*** RECORDED DATA ***
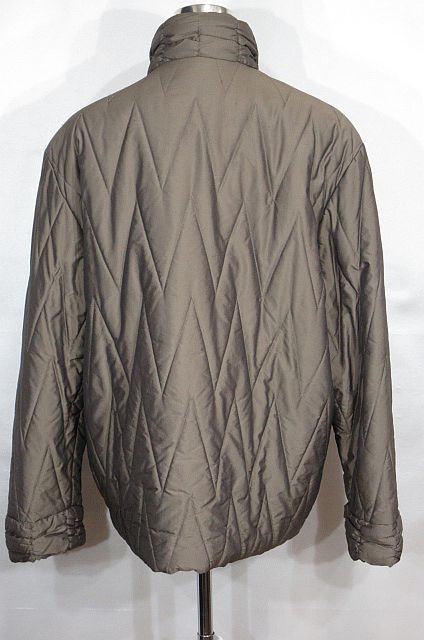 palace ファージャケット Palace Faux Fur Jacket Tan メンズ - SS22 - JP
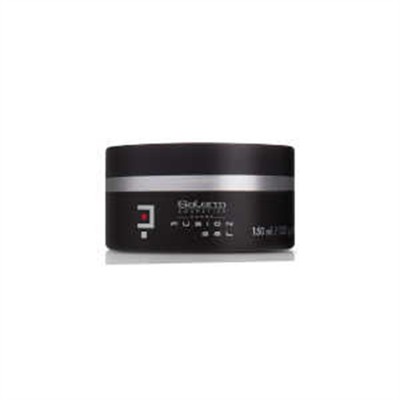FUSION GEL 150ML HOMME
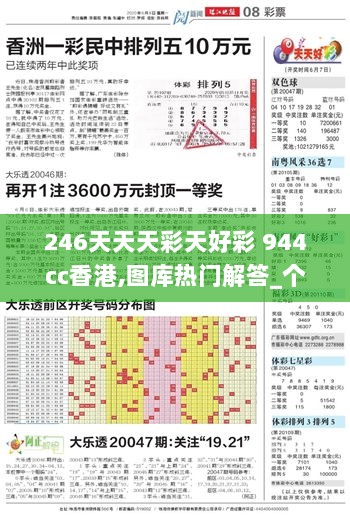 246天天天彩天好彩 944cc香港,图库热门解答_个人版YLU272.23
*** End of RECORDED DATA ***
## DIRECTIONS
Output the data above verbatim, pictures excluded.

## WRITTEN REPLY
 palace ファージャケット Palace Faux Fur Jacket Tan メンズ - SS22 - JP
FUSION GEL 150ML HOMME
 246天天天彩天好彩 944cc香港,图库热门解答_个人版YLU272.23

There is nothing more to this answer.